Stored data entries
-- -- --

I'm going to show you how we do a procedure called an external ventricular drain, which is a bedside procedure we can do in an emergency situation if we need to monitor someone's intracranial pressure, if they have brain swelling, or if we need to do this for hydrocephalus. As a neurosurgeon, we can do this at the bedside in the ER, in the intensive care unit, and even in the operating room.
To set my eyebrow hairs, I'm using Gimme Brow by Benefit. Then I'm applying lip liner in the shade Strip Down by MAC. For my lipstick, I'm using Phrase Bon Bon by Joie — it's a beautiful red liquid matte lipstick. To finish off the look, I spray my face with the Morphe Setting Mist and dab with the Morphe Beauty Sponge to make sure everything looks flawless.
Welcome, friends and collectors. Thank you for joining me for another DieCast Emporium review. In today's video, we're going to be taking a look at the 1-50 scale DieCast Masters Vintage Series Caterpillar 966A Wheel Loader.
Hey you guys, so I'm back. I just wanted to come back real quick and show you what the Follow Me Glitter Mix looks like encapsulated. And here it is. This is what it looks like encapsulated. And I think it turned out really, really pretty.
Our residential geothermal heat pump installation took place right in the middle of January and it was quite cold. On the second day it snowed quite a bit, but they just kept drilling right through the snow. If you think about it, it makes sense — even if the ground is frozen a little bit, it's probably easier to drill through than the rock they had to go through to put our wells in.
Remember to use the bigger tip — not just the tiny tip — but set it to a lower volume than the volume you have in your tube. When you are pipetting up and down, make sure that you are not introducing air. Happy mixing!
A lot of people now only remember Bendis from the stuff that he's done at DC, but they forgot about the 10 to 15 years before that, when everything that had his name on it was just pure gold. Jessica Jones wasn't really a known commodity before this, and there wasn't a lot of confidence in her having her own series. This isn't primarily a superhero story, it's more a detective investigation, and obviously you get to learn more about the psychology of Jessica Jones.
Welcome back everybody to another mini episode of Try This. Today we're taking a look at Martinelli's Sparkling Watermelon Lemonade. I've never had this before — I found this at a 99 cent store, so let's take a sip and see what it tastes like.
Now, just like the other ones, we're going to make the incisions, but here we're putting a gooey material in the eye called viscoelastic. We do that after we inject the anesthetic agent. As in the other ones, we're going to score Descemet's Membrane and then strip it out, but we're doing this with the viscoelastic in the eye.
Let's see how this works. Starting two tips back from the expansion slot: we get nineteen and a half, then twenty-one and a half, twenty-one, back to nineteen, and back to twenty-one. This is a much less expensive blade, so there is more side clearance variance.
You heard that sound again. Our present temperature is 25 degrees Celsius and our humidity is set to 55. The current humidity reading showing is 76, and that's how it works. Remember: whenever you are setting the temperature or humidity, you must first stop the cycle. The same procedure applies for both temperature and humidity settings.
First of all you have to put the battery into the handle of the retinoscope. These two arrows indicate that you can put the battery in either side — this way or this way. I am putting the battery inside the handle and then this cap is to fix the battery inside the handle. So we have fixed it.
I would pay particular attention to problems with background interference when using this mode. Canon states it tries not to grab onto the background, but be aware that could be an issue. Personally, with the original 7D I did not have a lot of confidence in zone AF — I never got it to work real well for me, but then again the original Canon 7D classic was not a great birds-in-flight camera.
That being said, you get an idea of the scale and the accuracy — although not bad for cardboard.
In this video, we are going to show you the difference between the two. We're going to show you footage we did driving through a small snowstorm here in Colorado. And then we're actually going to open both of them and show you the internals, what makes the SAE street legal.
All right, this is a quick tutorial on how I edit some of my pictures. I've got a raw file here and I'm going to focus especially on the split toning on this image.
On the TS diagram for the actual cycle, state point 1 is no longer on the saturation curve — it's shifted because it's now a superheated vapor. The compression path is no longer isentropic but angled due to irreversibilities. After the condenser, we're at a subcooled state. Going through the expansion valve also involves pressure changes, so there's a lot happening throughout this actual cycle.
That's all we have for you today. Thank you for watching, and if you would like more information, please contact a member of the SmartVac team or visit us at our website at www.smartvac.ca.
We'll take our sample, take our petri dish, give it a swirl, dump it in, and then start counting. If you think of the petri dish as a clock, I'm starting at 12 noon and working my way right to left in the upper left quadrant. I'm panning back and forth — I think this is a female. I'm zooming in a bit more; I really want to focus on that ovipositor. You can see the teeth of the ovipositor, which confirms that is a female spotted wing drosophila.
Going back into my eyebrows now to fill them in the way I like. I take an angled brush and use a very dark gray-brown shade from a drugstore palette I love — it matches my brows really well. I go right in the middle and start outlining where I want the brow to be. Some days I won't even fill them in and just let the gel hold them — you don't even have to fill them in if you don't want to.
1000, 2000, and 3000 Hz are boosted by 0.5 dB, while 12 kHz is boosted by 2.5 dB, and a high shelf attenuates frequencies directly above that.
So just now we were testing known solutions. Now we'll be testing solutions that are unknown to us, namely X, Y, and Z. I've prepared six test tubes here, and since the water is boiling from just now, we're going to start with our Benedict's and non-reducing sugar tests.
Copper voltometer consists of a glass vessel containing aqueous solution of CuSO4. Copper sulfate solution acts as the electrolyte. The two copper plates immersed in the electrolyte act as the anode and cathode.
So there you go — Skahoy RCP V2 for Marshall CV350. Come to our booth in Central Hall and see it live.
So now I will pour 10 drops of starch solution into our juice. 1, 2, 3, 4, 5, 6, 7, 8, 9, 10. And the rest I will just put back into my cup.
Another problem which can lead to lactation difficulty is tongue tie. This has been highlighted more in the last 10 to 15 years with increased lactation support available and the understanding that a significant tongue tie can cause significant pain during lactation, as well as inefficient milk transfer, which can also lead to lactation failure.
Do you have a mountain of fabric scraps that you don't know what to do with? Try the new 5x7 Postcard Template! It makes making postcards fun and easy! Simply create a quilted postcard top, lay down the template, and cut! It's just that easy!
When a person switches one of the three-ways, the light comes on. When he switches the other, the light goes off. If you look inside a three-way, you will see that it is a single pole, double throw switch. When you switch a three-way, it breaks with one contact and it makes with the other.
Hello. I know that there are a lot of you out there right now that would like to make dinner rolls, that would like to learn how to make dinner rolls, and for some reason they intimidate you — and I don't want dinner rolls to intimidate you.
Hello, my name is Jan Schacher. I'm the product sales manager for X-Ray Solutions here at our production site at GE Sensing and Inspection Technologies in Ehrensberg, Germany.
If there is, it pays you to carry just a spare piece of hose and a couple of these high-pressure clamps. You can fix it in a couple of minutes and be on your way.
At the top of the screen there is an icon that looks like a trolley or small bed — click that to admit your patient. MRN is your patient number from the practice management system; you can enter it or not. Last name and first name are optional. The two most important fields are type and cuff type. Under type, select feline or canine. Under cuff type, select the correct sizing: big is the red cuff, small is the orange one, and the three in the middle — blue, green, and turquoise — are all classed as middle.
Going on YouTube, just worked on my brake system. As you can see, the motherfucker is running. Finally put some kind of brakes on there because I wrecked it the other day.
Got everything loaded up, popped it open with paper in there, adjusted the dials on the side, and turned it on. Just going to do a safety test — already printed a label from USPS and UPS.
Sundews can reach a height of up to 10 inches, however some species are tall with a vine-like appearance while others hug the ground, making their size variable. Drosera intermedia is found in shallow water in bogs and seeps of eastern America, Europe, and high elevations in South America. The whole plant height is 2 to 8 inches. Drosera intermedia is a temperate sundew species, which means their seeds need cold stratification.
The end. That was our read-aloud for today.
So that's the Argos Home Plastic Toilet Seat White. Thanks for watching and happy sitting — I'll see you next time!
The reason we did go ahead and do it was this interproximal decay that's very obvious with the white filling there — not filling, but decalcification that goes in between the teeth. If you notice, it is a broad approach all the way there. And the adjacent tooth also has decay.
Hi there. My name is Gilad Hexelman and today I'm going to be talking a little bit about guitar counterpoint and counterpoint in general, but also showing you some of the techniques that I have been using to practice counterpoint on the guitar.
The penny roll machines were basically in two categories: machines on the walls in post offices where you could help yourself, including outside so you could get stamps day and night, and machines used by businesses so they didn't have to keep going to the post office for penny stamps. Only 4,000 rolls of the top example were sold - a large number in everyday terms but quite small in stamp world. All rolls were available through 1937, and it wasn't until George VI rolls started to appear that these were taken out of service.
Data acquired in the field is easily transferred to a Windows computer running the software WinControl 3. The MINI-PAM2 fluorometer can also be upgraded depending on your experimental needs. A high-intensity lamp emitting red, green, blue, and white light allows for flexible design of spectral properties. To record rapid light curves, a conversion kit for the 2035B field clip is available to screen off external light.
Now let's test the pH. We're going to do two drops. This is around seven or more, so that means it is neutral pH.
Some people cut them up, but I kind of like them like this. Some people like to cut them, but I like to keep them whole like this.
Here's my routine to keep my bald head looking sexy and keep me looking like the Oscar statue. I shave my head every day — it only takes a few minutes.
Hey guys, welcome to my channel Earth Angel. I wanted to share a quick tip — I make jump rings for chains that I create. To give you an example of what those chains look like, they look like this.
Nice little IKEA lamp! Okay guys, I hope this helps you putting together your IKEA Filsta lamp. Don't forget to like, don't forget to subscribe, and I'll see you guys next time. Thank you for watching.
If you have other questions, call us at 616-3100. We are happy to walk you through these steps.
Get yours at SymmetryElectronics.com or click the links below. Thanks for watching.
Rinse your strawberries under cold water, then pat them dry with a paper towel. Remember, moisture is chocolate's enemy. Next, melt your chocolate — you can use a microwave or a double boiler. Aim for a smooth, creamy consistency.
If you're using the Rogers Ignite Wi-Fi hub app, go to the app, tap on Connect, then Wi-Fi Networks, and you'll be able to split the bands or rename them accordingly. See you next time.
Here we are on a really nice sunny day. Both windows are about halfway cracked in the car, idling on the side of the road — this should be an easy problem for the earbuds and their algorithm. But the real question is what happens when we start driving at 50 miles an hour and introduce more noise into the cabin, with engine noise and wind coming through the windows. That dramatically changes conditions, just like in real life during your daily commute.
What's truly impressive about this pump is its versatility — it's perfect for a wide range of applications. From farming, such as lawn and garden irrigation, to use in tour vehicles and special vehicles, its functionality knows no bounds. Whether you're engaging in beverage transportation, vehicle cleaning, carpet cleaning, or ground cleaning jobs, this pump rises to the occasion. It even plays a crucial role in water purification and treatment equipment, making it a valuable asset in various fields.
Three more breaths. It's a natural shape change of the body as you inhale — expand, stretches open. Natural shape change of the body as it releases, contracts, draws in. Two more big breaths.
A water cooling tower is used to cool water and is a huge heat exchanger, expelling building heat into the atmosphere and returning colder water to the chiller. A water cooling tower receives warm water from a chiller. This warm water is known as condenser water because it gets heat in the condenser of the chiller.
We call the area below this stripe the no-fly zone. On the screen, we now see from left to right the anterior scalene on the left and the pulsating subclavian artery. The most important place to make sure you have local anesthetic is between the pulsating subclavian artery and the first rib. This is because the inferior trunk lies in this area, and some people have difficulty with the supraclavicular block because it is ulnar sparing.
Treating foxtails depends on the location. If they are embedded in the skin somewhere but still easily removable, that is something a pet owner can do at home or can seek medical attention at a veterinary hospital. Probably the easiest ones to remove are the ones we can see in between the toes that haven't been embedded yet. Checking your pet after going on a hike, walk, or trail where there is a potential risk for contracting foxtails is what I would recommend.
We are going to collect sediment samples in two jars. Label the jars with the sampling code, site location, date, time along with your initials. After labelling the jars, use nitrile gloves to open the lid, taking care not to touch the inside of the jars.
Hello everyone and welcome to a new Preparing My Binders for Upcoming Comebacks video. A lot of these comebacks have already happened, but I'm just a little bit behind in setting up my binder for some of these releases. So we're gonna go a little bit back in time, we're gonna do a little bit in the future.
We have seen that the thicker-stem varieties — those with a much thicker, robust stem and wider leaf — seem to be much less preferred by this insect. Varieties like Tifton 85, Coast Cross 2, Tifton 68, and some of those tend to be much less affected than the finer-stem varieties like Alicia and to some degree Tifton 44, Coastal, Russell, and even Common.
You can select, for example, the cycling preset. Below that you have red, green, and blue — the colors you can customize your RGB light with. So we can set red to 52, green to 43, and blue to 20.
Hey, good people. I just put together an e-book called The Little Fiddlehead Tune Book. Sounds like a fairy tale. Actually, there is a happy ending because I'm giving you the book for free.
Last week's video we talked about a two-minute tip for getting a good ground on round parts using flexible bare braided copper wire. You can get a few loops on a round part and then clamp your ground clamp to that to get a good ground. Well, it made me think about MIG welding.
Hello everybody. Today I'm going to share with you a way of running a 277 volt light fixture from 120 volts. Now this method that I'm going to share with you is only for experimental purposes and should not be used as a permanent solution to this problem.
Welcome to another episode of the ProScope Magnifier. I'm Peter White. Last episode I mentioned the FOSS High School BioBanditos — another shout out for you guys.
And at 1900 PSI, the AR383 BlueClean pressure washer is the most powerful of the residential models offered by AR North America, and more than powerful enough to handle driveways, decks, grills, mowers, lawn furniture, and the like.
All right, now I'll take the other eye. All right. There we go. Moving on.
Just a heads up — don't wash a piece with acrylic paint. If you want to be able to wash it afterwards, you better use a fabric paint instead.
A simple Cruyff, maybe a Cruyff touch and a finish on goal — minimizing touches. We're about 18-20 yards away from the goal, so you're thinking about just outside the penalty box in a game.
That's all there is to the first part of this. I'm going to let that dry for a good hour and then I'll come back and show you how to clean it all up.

-- -- --

Problem to work on: Your task is to quote, without any alteration, the lines running from the top of the records to the line that holds "Hey you guys, so", both included.

Solution below:
I'm going to show you how we do a procedure called an external ventricular drain, which is a bedside procedure we can do in an emergency situation if we need to monitor someone's intracranial pressure, if they have brain swelling, or if we need to do this for hydrocephalus. As a neurosurgeon, we can do this at the bedside in the ER, in the intensive care unit, and even in the operating room.
To set my eyebrow hairs, I'm using Gimme Brow by Benefit. Then I'm applying lip liner in the shade Strip Down by MAC. For my lipstick, I'm using Phrase Bon Bon by Joie — it's a beautiful red liquid matte lipstick. To finish off the look, I spray my face with the Morphe Setting Mist and dab with the Morphe Beauty Sponge to make sure everything looks flawless.
Welcome, friends and collectors. Thank you for joining me for another DieCast Emporium review. In today's video, we're going to be taking a look at the 1-50 scale DieCast Masters Vintage Series Caterpillar 966A Wheel Loader.
Hey you guys, so I'm back. I just wanted to come back real quick and show you what the Follow Me Glitter Mix looks like encapsulated. And here it is. This is what it looks like encapsulated. And I think it turned out really, really pretty.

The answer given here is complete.